Excessive stress and tension in your home (for example, arguing, fighting, too many lessons/activities, etc.) can have a negative effect on your child. Look at ways to reduce stress. For instance, plan some fun time each day (even if it is only 5 minutes) to read a story, go for a walk, watch a favorite TV program together, or listen to music. Furthermore, try to address the conflict between family members when it arises (have family meetings to discuss problems, seek outside help/support, etc.). If the conflict results in arguing and unhealthy expressions of anger (e.g. yelling, throwing, or hitting), be sure to resolve the conflict in front of your child so your child feels secure that the situation is resolved. In addition, take some time to explain why you were angry in the first place, and apologize for any unhealthy behaviour while committing to try better in the future.
Make a Routine
Establish a routine by setting specific times for meals, homework, quiet time, and bedtime. Help your child establish a bedtime routine, which may include a bath and reading a story, or just time to chat. This can set the stage for helping your child develop better ways to manage anxiety.
Reduce Electronics at Bedtime
Anxious children use electronics more often than nonanxious peers. It is especially important to have parental rules about the use of technology. The use of technology prior to sleep delays the onset of sleep; young children should put away electronics 2 hours prior to sleep, and teens 1 hour prior to sleep. All technology should be stored overnight somewhere other than the bedroom.
It is important that parents and caregivers work together to help the child manage his/her anxiety. If parents and caregivers are not consistent, it can be very confusing for the child. Try to agree on ways of handling the child’s anxiety and be consistent in terms of limit setting and use of rewards.
Although your child may have problems with anxiety, that does not give him/her the green light for inappropriate behavior. It is important that you set expectations and limits for your child, and follow through on consequences for inappropriate behavior (such as losing television privileges for not completing chores). Family rules and expectations should be discussed in advance with all family members, at a calm time. Children are happier when they know the rules and what happens when they break them. Be sure to give rewards and praise when your child is adhering to expectations.
Recognize that it is difficult for children to face their fears. It is important not to laugh at your child or minimize his/her fears (for example, “don’t be a worry wart” or “you’re being silly”). Rather, let your child know that it is normal to have fears (we’re all afraid of something) and that it is possible to “boss back” your fears. When your child is upset, make sure to listen to him/her, to send your child the message that it’s okay to talk about feelings. Let your child know that h/she is understood, and that you will work with your child to learn skills to feel better.

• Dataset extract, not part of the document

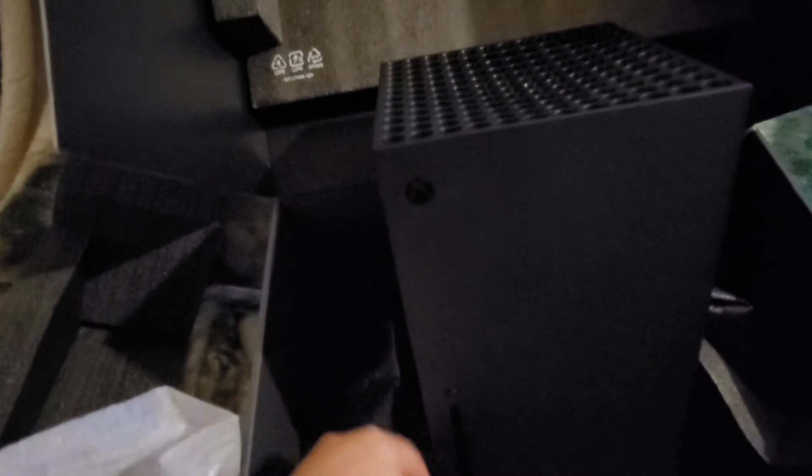Power button. Disc. Disc. USB. I'm assuming that's the disc — oh no, that's the disc eject button. Not too sure what that button is, but I will find out though.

Although it is tempting to want to do things for your child, especially when h/she tends to be nervous and fearful, it is better to let kids do the things they are capable of themselves. How else will they learn the skills and abilities to cope with life? Encourage your child to try things on his/her own, take some risks, and do things for him/herself. This can include giving him/her responsibilities around the house (cleaning his/her own room or setting the table). It can also include helping your child brainstorm ways to deal with problems or difficult situations (such as how to handle an argument with a friend or to manage missed assignments). Encouraging independence does not mean you can’t be supportive – but it does mean that you shouldn’t take over or do everything for your child.

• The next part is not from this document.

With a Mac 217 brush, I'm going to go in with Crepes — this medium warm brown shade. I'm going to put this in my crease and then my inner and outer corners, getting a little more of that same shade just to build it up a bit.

It is important to have expectations for your child and help him/her meet those expectations. However, understand that an anxious child will have trouble doing certain things, and may need to go at a slower pace. Help your child break down goals into smaller steps that h/she can accomplish. It is important that your child is taking steps forward, even if the steps are small. Try not to push too hard or too fast. Let your child go at h/her pace.